Copy the first line of the material below and every later line through the line containing "mensola, opera isolata", without any other output.
Start of SUPPLIED RECORDS
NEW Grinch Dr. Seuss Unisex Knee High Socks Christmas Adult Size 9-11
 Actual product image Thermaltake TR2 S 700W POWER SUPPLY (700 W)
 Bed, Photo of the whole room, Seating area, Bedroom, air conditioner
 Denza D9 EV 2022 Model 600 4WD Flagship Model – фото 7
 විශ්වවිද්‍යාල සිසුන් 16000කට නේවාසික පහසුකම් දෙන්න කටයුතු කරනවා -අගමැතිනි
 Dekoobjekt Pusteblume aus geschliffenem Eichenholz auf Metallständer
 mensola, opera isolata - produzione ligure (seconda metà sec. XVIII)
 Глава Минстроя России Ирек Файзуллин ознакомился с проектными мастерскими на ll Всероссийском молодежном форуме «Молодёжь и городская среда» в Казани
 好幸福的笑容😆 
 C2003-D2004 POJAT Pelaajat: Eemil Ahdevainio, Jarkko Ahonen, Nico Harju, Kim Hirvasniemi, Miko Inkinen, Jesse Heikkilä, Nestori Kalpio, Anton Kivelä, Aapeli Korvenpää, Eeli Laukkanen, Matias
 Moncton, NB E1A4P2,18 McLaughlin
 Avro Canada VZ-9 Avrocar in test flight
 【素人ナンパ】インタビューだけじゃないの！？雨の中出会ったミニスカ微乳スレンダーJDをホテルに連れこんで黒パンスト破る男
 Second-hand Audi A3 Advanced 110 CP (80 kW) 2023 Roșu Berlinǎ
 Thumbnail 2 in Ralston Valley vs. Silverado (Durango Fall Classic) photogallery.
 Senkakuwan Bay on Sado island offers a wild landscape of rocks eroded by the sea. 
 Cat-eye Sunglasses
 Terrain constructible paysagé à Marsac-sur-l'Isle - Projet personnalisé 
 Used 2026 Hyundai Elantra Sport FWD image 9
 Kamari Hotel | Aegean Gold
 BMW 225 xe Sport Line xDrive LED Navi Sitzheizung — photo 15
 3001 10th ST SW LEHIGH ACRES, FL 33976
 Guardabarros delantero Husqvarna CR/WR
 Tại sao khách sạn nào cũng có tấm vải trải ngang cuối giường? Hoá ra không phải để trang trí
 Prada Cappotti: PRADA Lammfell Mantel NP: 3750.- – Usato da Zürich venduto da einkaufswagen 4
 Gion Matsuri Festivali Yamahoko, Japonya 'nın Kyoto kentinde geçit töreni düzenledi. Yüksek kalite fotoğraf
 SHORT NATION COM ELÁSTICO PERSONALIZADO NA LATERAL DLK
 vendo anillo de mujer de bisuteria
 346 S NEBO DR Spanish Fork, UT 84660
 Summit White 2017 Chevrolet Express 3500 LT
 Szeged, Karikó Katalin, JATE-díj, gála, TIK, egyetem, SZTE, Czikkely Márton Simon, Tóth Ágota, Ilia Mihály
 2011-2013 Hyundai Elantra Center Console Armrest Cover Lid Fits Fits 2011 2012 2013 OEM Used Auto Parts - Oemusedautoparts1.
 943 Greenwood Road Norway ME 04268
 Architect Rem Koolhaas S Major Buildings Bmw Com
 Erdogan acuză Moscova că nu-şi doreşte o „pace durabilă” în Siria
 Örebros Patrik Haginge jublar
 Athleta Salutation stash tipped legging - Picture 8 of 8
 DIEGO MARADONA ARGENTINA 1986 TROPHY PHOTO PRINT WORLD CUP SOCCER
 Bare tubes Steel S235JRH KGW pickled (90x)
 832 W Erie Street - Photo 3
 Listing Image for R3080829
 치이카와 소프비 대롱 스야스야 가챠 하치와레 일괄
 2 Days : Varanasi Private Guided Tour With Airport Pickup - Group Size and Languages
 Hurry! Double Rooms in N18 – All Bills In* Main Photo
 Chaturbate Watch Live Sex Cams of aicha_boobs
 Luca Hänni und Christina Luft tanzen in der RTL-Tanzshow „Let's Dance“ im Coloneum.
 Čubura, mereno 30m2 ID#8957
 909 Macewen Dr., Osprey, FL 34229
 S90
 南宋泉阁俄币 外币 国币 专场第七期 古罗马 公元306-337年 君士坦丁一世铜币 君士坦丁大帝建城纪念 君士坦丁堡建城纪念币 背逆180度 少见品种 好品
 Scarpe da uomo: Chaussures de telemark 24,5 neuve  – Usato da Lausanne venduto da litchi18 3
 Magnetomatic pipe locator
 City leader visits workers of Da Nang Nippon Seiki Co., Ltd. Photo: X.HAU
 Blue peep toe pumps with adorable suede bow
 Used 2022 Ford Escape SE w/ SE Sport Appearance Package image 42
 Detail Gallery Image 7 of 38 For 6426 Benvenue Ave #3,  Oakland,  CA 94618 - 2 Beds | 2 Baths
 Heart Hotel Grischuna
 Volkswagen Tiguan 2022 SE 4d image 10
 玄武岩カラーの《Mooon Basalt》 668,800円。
End of SUPPLIED RECORDS
* **SOLUTION FOR THIS TASK**
NEW Grinch Dr. Seuss Unisex Knee High Socks Christmas Adult Size 9-11
 Actual product image Thermaltake TR2 S 700W POWER SUPPLY (700 W)
 Bed, Photo of the whole room, Seating area, Bedroom, air conditioner
 Denza D9 EV 2022 Model 600 4WD Flagship Model – фото 7
 විශ්වවිද්‍යාල සිසුන් 16000කට නේවාසික පහසුකම් දෙන්න කටයුතු කරනවා -අගමැතිනි
 Dekoobjekt Pusteblume aus geschliffenem Eichenholz auf Metallständer
 mensola, opera isolata - produzione ligure (seconda metà sec. XVIII)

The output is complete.